Vous avez repris vos sens. Avec une infime prudence, vous retirez la miraculée de son tombeau. Les cinq orteils bougent, la cheville aussi. Ouf! Rien de cassé. Lève-toi et marche « la gazelle », ordonnez-vous avant que le doute s’installe.
Pour la première fois de votre vie de belle-maman, votre gendre attendri vous offrira très gentiment son bras. Non pas le gauche, mais le droit. À son tour, votre fils vous ordonnera d’entourer de glace, la pauvre cheville et de vous asseoir « pour l’amour du ciel » expression favorite de votre mère en perte de patience.
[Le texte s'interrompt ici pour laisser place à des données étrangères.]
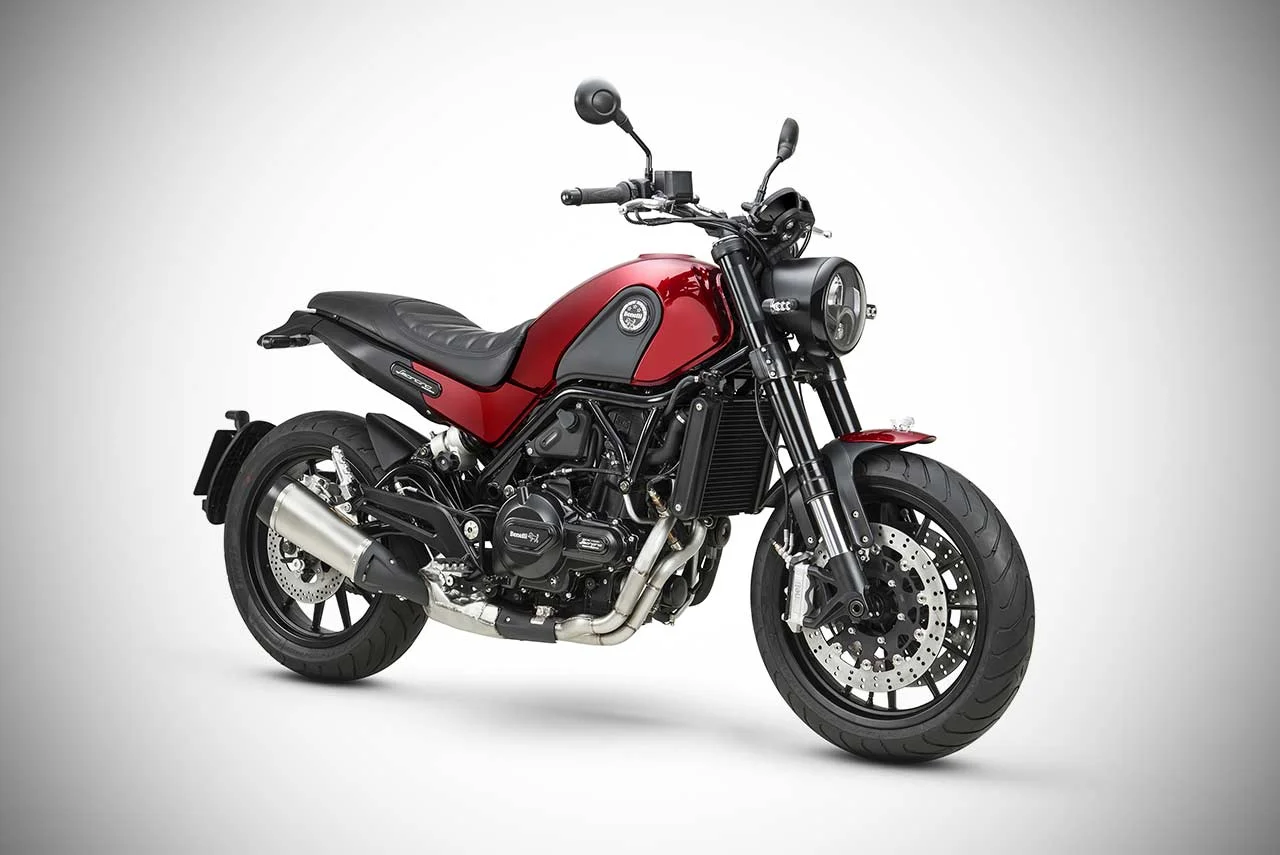 Benelli Leoncino 500 launched in India; Priced at INR 4.79 Lakh Benelli Leoncino 500 Red Front Right 2019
Devenue deux fois sa taille, gonflée à bloc dirait votre petit-fils, la petiote emprunte à vos ombres à paupières les nuances les plus voluptueuses. De la pointe du pied à la cheville, les bleus, les ocres, les rosâtres se marient harmonieusement. Les compressent glacées, les bandages tout confort alternent au rythme d’un chrono.
Deux jours plus tard, la cheville reprend du poil de la bête et trouve chaussure à son pied. Vous voilà en marche vers un prompt rétablissement.